WORK INSTRUCTIONS ▸
Everything in the listing below should be written out again exactly, except the pictures.

GIVEN MATERIAL ▸

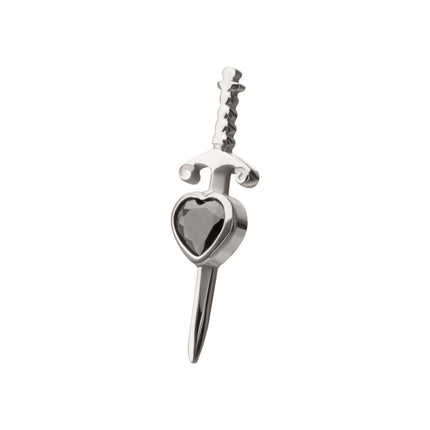 Invictus Titanium Internally Threaded Dagger with Bezel Set Black Heart Gem Top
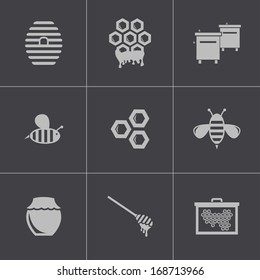 Vector black honey icons set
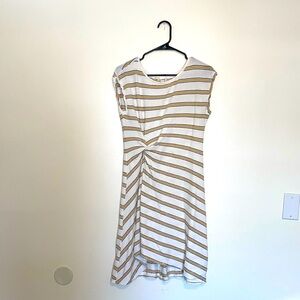 Max Studio | White & Yellow Striped Sundress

TASK OUTPUT ▸
 Invictus Titanium Internally Threaded Dagger with Bezel Set Black Heart Gem Top
 Vector black honey icons set
 Max Studio | White & Yellow Striped Sundress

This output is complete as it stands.